Gudrun also rose to take her leave.
‘You needn’t go yet, need you?’ said Gerald, glancing
quickly at the clock.’ It is early yet. I’ll walk down with you
when you go. Sit down, don’t hurry away.’
Gudrun sat down, as if, absent as he was, his will had
power over her. She felt almost mesmerised. He was strange
to her, something unknown. What was he thinking, what
was he feeling, as he stood there so rapt, saying nothing? He
kept her—she could feel that. He would not let her go.
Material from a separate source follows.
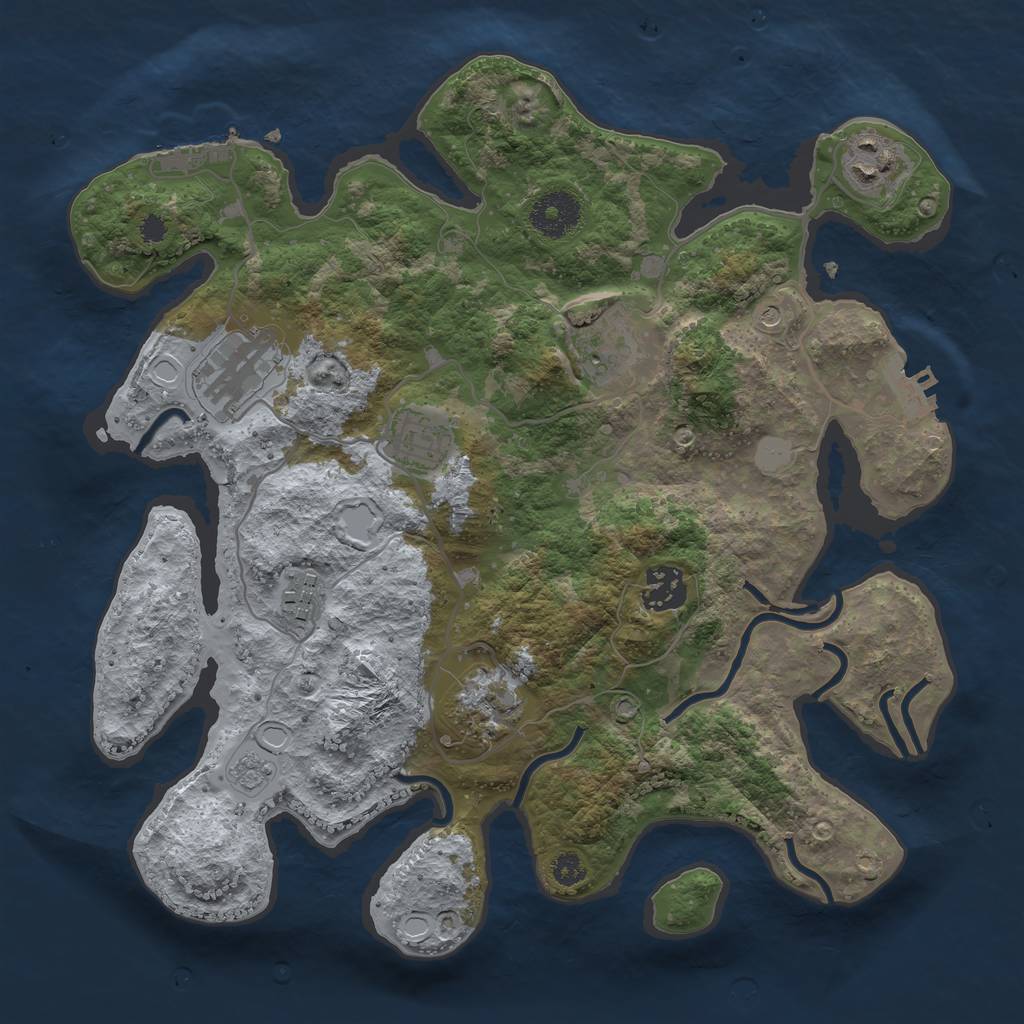 Rust Map: Procedural Map, Size: 3250, Seed: 2405614, 16 Monuments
She
watched him in humble submissiveness.
‘Had the doctor anything new to tell you?’ she asked,
softly, at length, with that gentle, timid sympathy which
touched a keen fibre in his heart. He lifted his eyebrows with
a negligent, indifferent expression.
‘No—nothing new,’ he replied, as if the question were
quite casual, trivial. ‘He says the pulse is very weak indeed,
very intermittent—but that doesn’t necessarily mean much,
you know.’
He looked down at her. Her eyes were dark and soft and
unfolded, with a stricken look that roused him.
‘No,’ she murmured at length. ‘I don’t understand any-
thing about these things.’
‘Just as well not,’ he said. ‘I say, won’t you have a
cigarette?—do!’ He quickly fetched the box, and held her a
light. Then he stood before her on the hearth again.